Delivery analytics are another category that can be quite confusing. We often use jargon like delivery, deliverability and the more recent inbox delivery, all which are sometimes interpreted differently. To make sure that these are not being mixed up, it’s important to understand how they are derived. For the most part, delivery just means that the ESP delivered this particular percentage of the emails to the different internet services providers, without them rejecting them immediately. It’s kind of like when you get a shipping confirmation from an online retailer; there are still a lot of things that can go wrong and in the case of email, they frequently do. Deliverability is often used to cover either basic delivery to ISPs as well as delivery into the actual subscriber inbox, while inbox delivery should always be equated to that—like a FedEx delivery notification—the package has been delivered at the house, or in this case, the inbox.
After any email is delivered to an ISP, there can be a slow-down (throttling) of said emails to the actual recipients, and the ISP can even decide not to deliver them at all. And even if they deliver them, they can be delivered to the inbox or to the spam folder, the latter of course being pretty useless in almost all cases.
To complicate all of this, measurements are sometimes difficult and even conflicting, and when it comes to reading the signals correctly, with so many point measurements, there can be conflicting analytics for the same email campaign.
So how can you figure out how what to pay attention to and what to ignore?
Ultimately, if your conversions are normal, there are probably not any major issues going on. If your delivery drops, you are having issues where the ISP is not accepting addresses on your list. The ESP can immediately tell you what is going on there, as well as many of the deliverability services. Usually this is caused by some serious issues with the list that is being used. Most commonly, when an ISP blocks, it takes up to 24 hours for them to allow you to send messages again.
Delivery to the ISP is of course crucial, but your email isn’t going to be read unless it ends up in the inbox. There are many different measurements available to measure inbox delivery, none which is perfect in all situations, but some are less accurate than others. I have staked my career on monitoring email performance based on real actual subscribers of the customers of the companies we serve. In my mind, no metric can be stronger than one derived directly from a representative panel sample of the actual subscribers that signed up for your email. However, these metrics don’t always serve small senders or B2B senders perfectly. Campaigns have to be of a certain size to show up in a statistically directional manner in any consumer panel.
The traditional approach to monitoring inbox delivery is a seed based approach. Although this methodology is slowly decreasing in popularity, it’s still the most common measurement of inbox delivery. The strength of this method is that it is fairly representative for inbox delivery for smaller ISPs because they evaluate email campaigns that come in on a campaign level. This means that they don’t distinguish between inboxes based on behavior, which results in seed based email addresses getting the same treatment as real email subscribers. Most cable networks, corporate servers and smaller free services fall within this category. The weaknesses lie in the fact that there are extremely few seeds sent to each mailbox provider, usually never more than 15, often anywhere between 1 and 10 based on the size of the mailbox provider.
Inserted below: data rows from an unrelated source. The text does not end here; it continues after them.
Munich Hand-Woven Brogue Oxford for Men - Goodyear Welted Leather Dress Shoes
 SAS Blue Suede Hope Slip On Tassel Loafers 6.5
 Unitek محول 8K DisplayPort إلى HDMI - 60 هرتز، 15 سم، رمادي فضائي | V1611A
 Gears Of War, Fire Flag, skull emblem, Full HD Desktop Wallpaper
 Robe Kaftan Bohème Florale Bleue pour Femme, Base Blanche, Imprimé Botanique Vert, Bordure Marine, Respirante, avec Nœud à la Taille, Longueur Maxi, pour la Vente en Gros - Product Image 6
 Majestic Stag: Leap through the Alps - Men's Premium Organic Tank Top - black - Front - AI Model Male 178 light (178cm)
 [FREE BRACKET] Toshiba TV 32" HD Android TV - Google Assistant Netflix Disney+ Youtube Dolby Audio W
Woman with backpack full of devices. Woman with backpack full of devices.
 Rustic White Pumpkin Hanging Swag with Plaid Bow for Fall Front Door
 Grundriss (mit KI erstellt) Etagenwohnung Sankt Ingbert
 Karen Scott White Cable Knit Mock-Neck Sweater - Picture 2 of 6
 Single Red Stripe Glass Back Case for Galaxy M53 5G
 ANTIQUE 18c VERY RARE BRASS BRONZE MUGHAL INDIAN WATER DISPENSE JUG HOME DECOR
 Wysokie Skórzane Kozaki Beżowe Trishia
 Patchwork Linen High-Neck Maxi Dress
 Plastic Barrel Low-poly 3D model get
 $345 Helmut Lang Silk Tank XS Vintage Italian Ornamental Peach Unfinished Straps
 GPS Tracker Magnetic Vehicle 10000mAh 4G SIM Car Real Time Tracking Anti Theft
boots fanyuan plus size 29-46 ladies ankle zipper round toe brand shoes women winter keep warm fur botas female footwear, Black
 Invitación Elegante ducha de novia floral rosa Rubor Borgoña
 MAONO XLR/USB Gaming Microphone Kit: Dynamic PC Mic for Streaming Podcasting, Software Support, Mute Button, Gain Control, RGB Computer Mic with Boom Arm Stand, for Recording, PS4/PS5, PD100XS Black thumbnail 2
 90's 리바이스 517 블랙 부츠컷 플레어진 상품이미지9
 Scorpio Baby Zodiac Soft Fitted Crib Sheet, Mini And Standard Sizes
So, 10 to 15 may go to Gmail, but only 1 or 5 go to Optimum Online, Frontier or Cox. This of course does not give a very representative sampling across the vast number of internet service providers, but it commonly does give indication of an issue being present.
Another issue is that the global ISPs—Gmail, Yahoo, Hotmail/Outlook.com and AOL—all assign different deliverability to individual emails in a single campaign, based on the inbox user behavior. In the case of seeds, there are no actual subscribers interacting with the email, so there is no behavior that the ISP can assign to the user, and the seed based email may therefore end up in the spam folder more frequently than actual email subscribers, causing false alerts of a spam issue. Equally bad is it that these inboxes never unsubscribe or mark messages as spam, creating the reverse problem because the ISP puts a significant percentage of a particular campaign into the spam folders of subscribers, but not into the seed email addresses’ folders and never alerting the ESP. All of these situations making seed based monitoring of the majority of commercial email to consumers very problematic.
But again, in some cases it’s the best available method. To improve the accuracy of problem detection, most ESPs and inbox monitoring providers also look at secondary data such as data returned from the ISPs to the sender, blacklist hits, and even modelled the likelihood of spam trap hits and used pixel or beacon technology to gain better understanding of the effect of the email. All of these are helpful when used together with the understanding that none of them is going to give a full view of the journey of the individual emails in a campaign.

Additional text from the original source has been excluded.